Но если так, если национальность, действительно, не творит бытия, ни даже его форм, а только видовые признаки форм, подобно той неведомой силе, которая листьям дуба придает форму дубового листа и носу слона — форму хобота, то очевидно, что овладеть этой тончайшей стихией, во-первых, невозможно, а, во-вторых, и незачем, потому что она никак не могла бы стать в наших руках орудием существенного творчества. Нас же должно интересовать только последнее, для нас жизненно-важна лишь та сфера, на которую простирается компетенция нашей разумной волы. На действие национального начала она не простирается, следовательно о нем нам и нечего заботиться. Национальность — наш неизменный спутник; как мы неизменно воспринимаем явления в категориях пространства, времени и причинности, так и национальность определяет все наши восприятия и всякое наше целесообразное действие. Не нация, как утверждает сионизм, есть подлинно-реальное в истории, а личность, потому что только личность творит существенно и только ей до известной степени предоставлена свобода выбора. Национальное начало действует автоматически и не развивается самочинно; развивается личность, и только в ней, питаемая ее целостным развитием, национальность крепнет и очищается. Человеческий дух не составлен из кусков, он слитно-целен, и потому ничто природное не может быть изменено в нем частично по сознательному замыслу: всякое такое усилие исказит его в целом, но своей специальной цели не достигнет. Национальный элемент — только одна из природных данностей, и о нем, как об отдельном, надо забыть, хотя он есть и вечно будет. Нам надо каждый представший вопрос и каждую задачу решать на основании существенных соображений, практических и идеальных; нам надо стараться быть сильными, свободными, полными духа людьми, — тогда наш национализм, который бессознательно есть в каждом, будет высокого качества. Испанец должен просто жить, не стараясь жить по-испански: хочет он или не хочет, он все равно живет по-испански и на свою долю осуществляет «миссию» испанского народа; но если он живет хорошо, испанский элемент в нем как раз очищается от шлаков, и он, не думая о назначении своей нации, тем лучше служит ему, — я думаю даже, улучшает в меру своих сил. Потому что, если в самом деле народу предначертана траектория его пути, то это, конечно, не линия, а так называемый «пучок траекторий», т.е. некоторый простор вверх и вниз, предоставляемый уже свободе человеческой воли.
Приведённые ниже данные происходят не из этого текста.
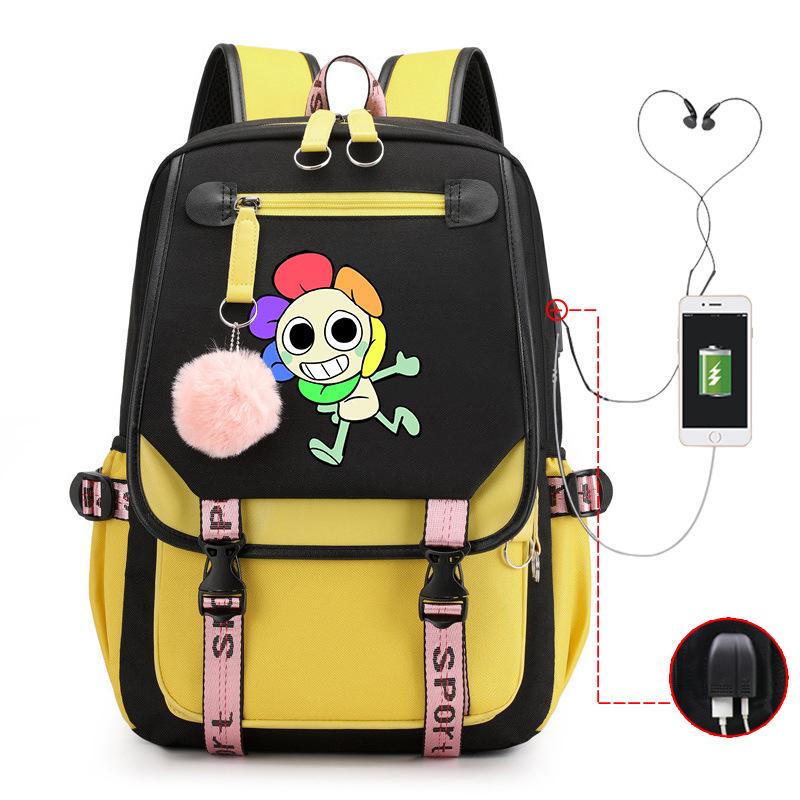 New 2025 Cartoon Game Printing Primary School Bag Large Capacity Contrasting Color Neutral USB Backpack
Поэтому я говорю: национальное творчество не есть какой-либо особенный, высший вид коллективного творчества, но всякое творчество народа непременно, помимо воли его участников, окрашено национально и этой окраской объединено. Не старайтесь быть нацией: вы неизбежно нация, по самой природе вещей. И когда вы утверждаете одновременно, что еврейство есть нация, и что, распыленное по земле, оно вследствие своей распыленности неспособно к национальному творчеству, — я отвечаю: если оно, действительно, нация, — а я так думаю вместе с вами, — то его раздробленное, коллективное творчество непременно в какой-то сфере, недоступной нашему зрению, образует национальное целое. Тучи встают не только из морей; каждый ручей и каждая лужа испаряют в воздух влагу. Нация не должна непременно быть собранной на одной территории, чтобы ее творчество было национальным: она творит так во всяком случае и при всяких условиях. Все дело в том, что еврейское национальное творчество в целом незримо, хотя от этого не менее реально, вы же не раньше хотите поверить в его реальность, нежели сумеете осязать его.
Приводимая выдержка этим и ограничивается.